For the past year Hugo has been photographing the people and landscape of an expansive dump of obsolete technology in Ghana. The area, on the outskirts of a slum known as Agbogbloshie, is referred to by local inhabitants as Sodom and Gomorrah, a vivid acknowledgment of the profound inhumanity of the place. When Hugo asked the inhabitants what they called the pit where the burning takes place, they repeatedly responded: 'For this place, we have no name'.
Their response is a reminder of the alien circumstances that are imposed on marginal communities of the world by the West's obsession with consumption and obsolesce. This wasteland, where people and cattle live on mountains of motherboards, monitors and discarded hard drives, is far removed from the benefits accorded by the unrelenting advances of technology.
The UN Environment Program has stated that Western countries produce around 50 million tons of digital waste every year. In Europe, only 25 percent of this type of waste is collected and effectively recycled. Much of the rest is piled in containers and shipped to developing countries, supposedly to reduce the digital divide, to create jobs and help people. In reality, the inhabitants of dumps like Agbogbloshie survive largely by burning the electronic devices to extract copper and other metals out of the plastic used in their manufacture. The electronic waste contaminates rivers and lagoons with consequences that are easily imaginable. In 2008 Green Peace took samples of the burnt soil in Agbogbloshie and found high concentrations of lead, mercury, thallium, hydrogen cyanide and PVC.
Hugo collapses our notions of time and progress in his photographs. There are elements in the images that fast-forward us to an apocalyptic end of the world as we know it, yet the alchemy on this site and the strolling cows recall a pastoral existence that rewinds our minds to a medieval setting. The cycles of history and the lifespan of our technology are both clearly apparent in this cemetery of artifacts from the industrialised world. We are also reminded of the fragility of the information and stories that were stored in the computers which are now just black smoke and melted plastic.

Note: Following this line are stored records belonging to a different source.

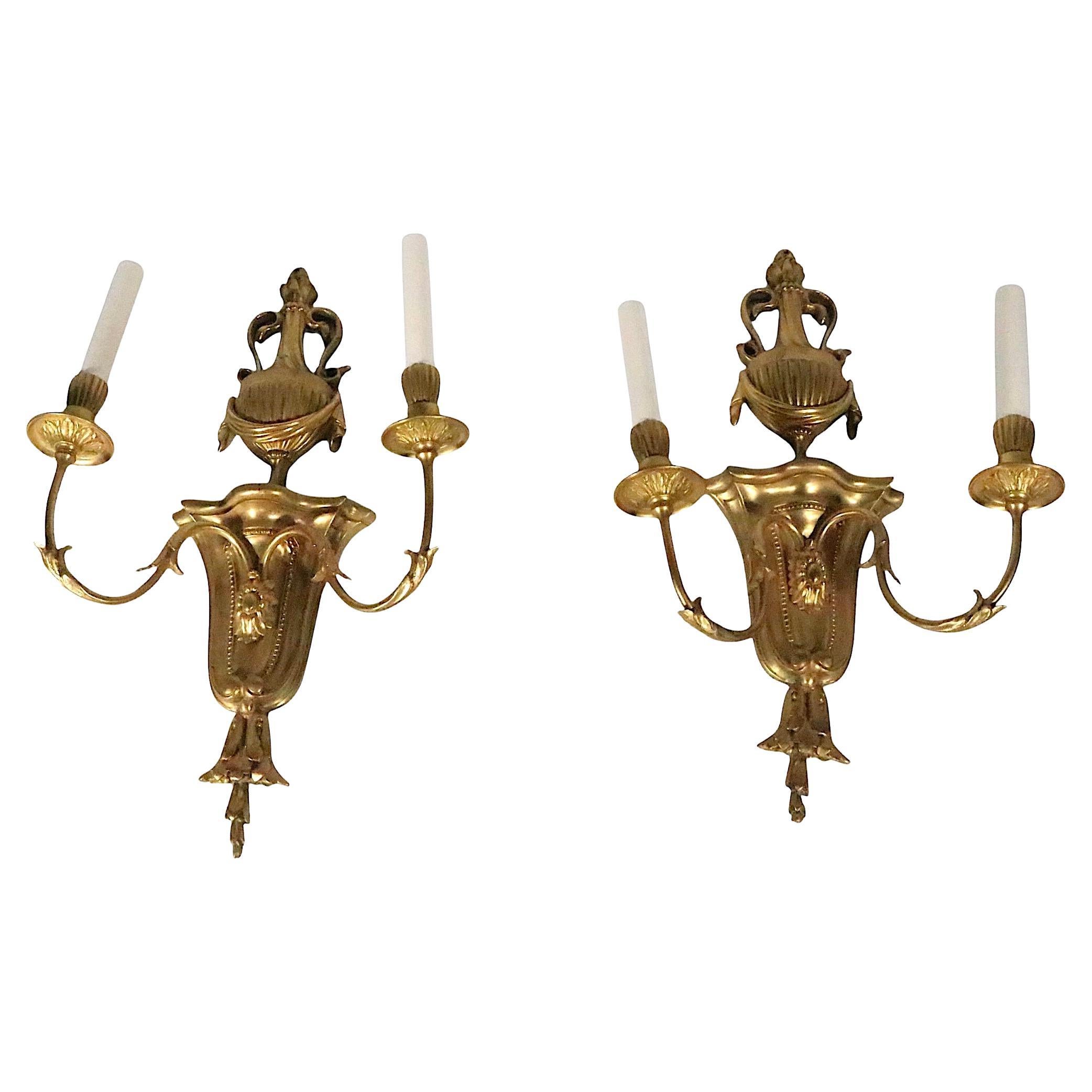 Neoclassico Coppia di candelieri classici formali a due luci di Caldwell in vendita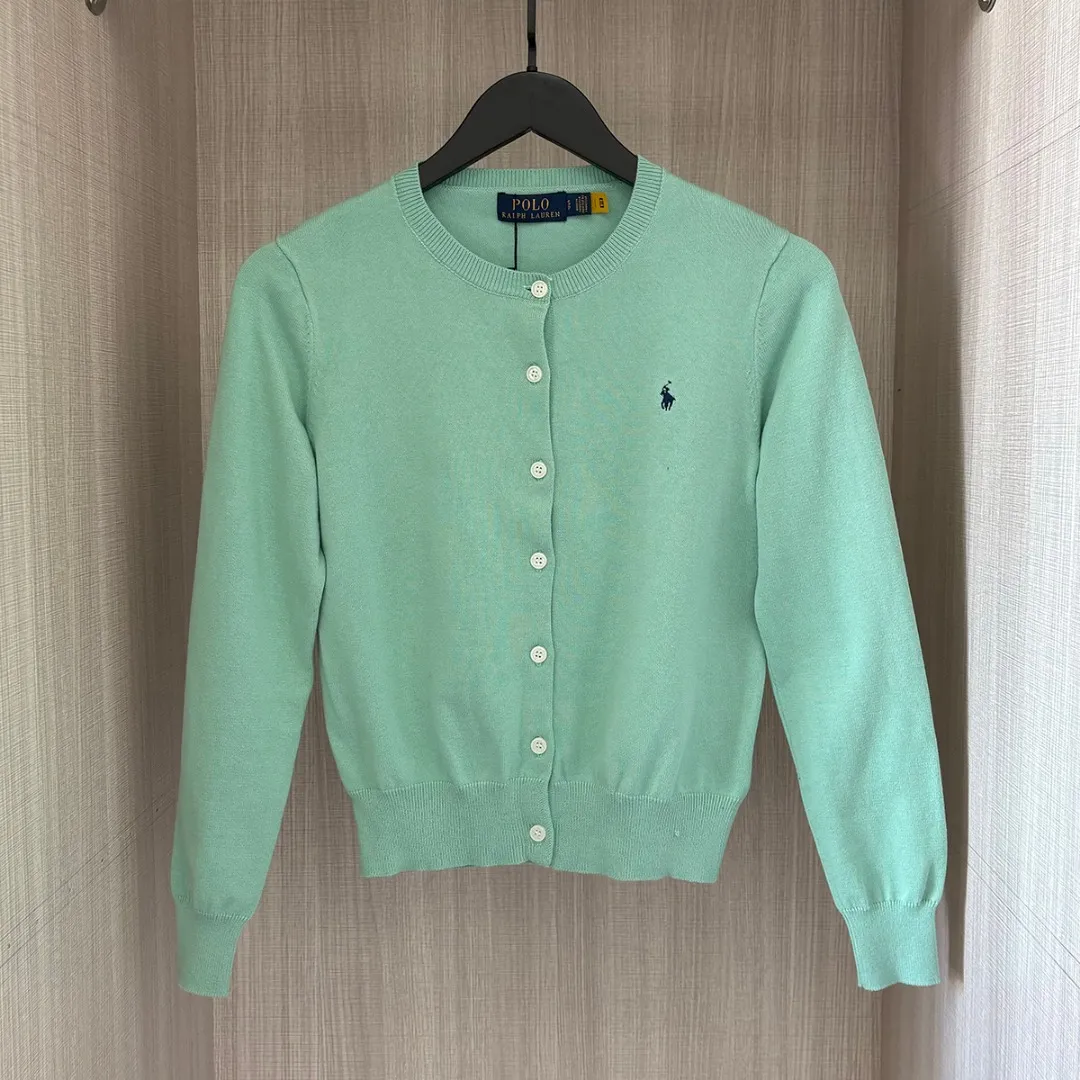 P174 RALPH LAUREN Ten Colors Classic Small Label Embroidery High-Precision Knitted Cardigan Round Neck Long Sleeve Button Knitted Sweater Tops for Men and Women Ten Colors Colors: White Black Navy Gray Pink Red Khaki Blue Green Dark Green Size: S M L XL Material: Cotton Weight: 320g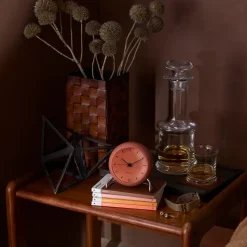 Arne Jacobsen Clocks AJ City Hall tafel klok, Pale orange< Tafelklokken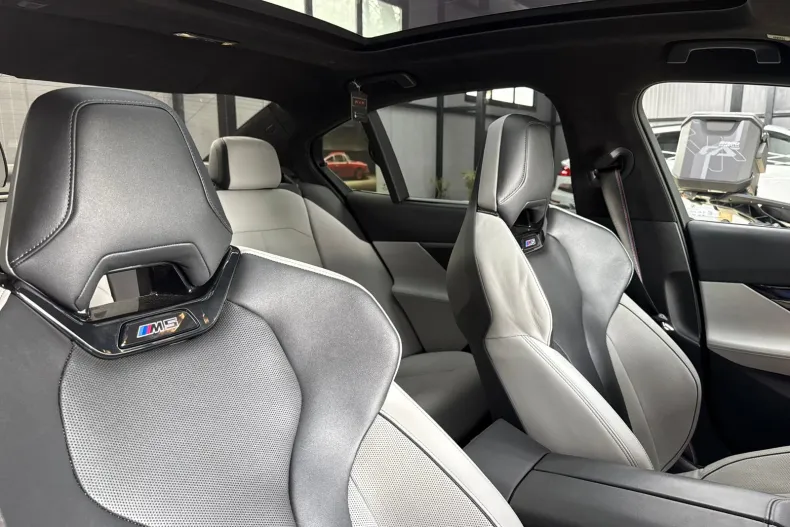 BMW M5 (Seria 5) din 2025 cu 24.000 km - oferta BMW198284 - foto 39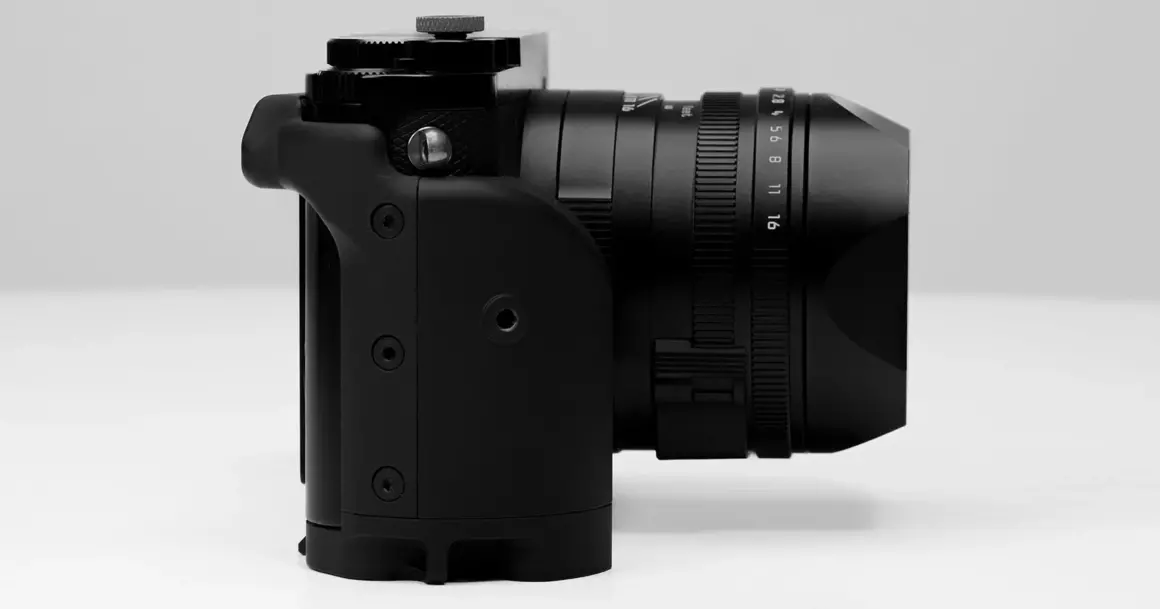 Bir Fotoğrafçı ve Mimar Dünyanın En İyi Kamera Tutma Yerini Oluşturmak İçin Bir Yılı Nasıl Harcadı? 3 he grip 001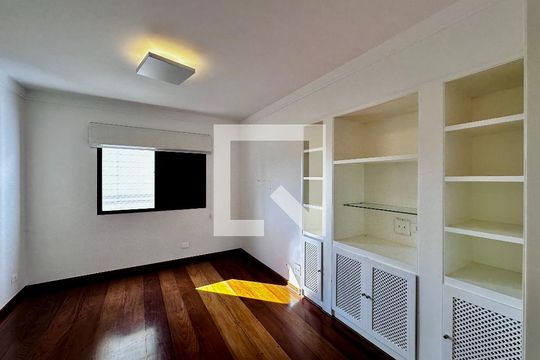 Escritório de apartamento à venda com 3 quartos, 227m² em Cidade Monções, São Paulo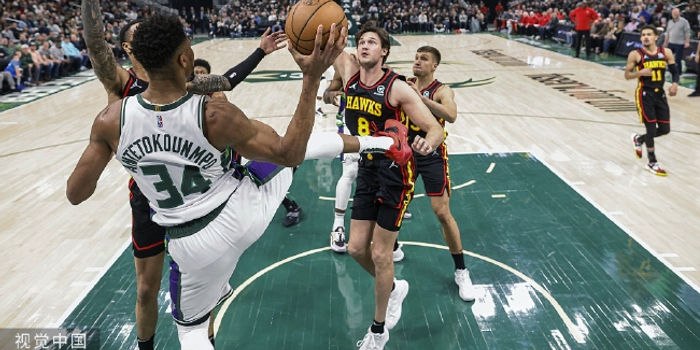 雄鹿主场力克强敌豪取五连胜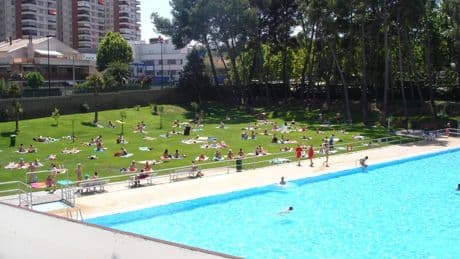 Susto en Zaragoza: un hombre ataca con una navaja a varias personas en una piscina municipal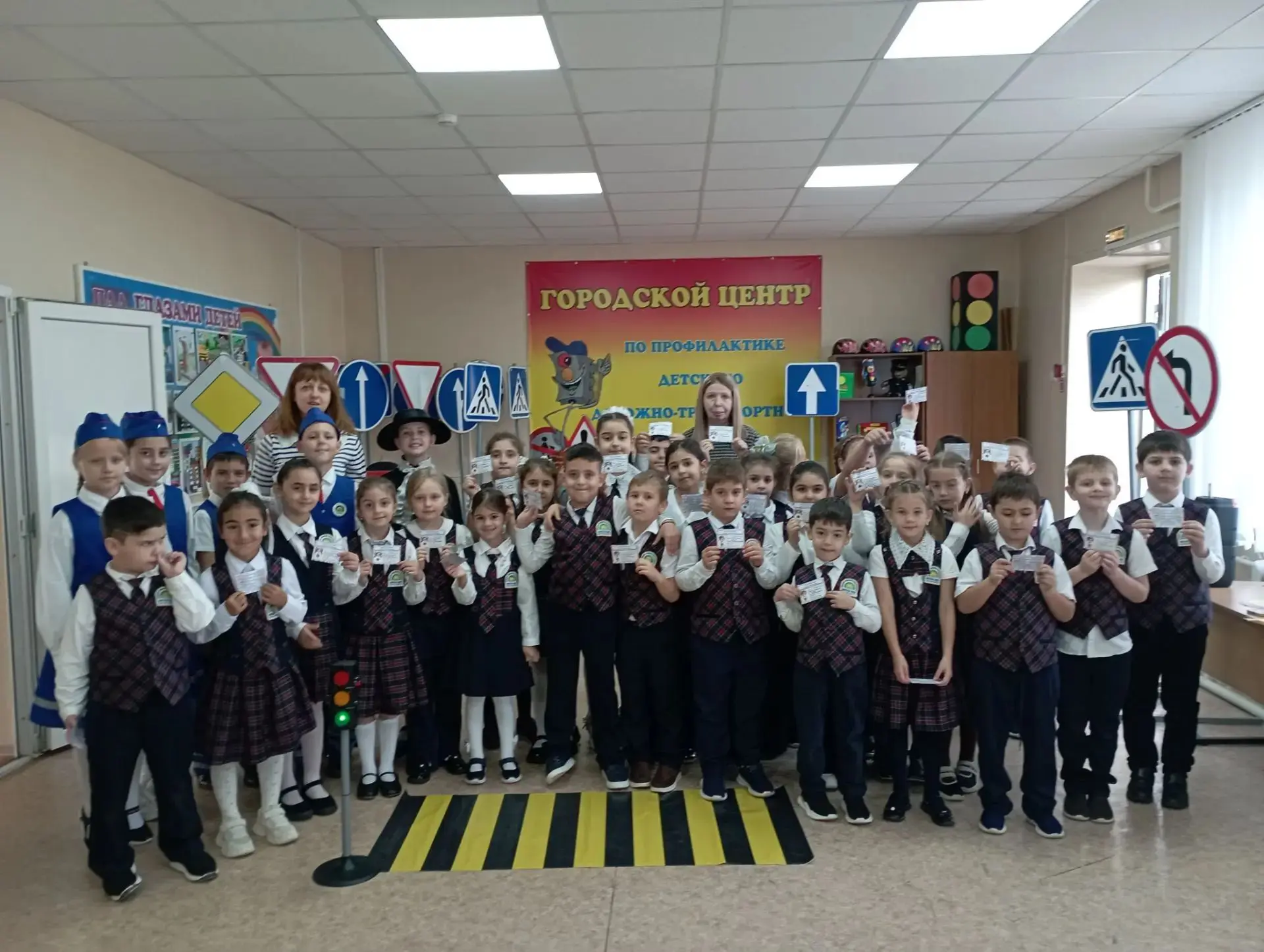 Сегодня в Городском центре по ПДД было шумно, весело и очень познавательно. Наши первок...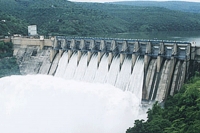Andhrapradesh telangana chief ministers meet will resolve power and water crisis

In this exhibition Hugo also raises debates about the representation contained within the photographic frame. The context of these images and the fluidity of reality, in relation to the static image, will be seen in a multi-screen installation of footage that Hugo filmed in Agbogbloshie. These cinematic elements, presented on old televisions, bring to our attention the circumstances occurring outside the constructed frame of the photograph.
Hugo will exhibit concurrently with Dineo Seshee Bopape and, as part of the FOREX series, Dominique Gonzalez-Foerst
Bopape is known for her playful, experimental video works and cluttered installations of found objects. These delve into the magic and mysteries of the metaphysical realm and disrupt our understanding of time and space. Her videos have the potential to leave one in a rhythmic trance as the mind is transported to distant illusionary worlds. Her installations, which often incorporate videos, bear a non-linear, colourful and lively resemblance to informal structures created on the fringes of the world economy, such as the alternative community of Christiania in Copenhagen and the townships of South Africa.
Works to be exhibited include a video that pays homage to Bopape's place of birth, Polokwane, but also shows her struggle reconnecting to the local landscape after years abroad. Installed in what Bopape calls a 'video garden' will be a selection of recent videos as well as new prints.
Bopape is a 2009 graduate of De Ateliers in Amsterdam and in May 2010 completed an MFA with Columbia University, New York. She was the only South African artist included on the much-hyped exhibition Younger Than Jesus at the New Museum in New York in 2009, and was the winner of the 2008 MTN New Contemporaries award. Recent group shows include Life Less Ordinary: Performance and Display in South African Art at the Fotogallery in Cardiff, Wales (2010), and Rebelle: Art and Feminism 1969-2009 at the Museum voor Moderne Kunst Arnhem, The Netherlands (2009). This is her first solo exhibition at Michael Stevenson.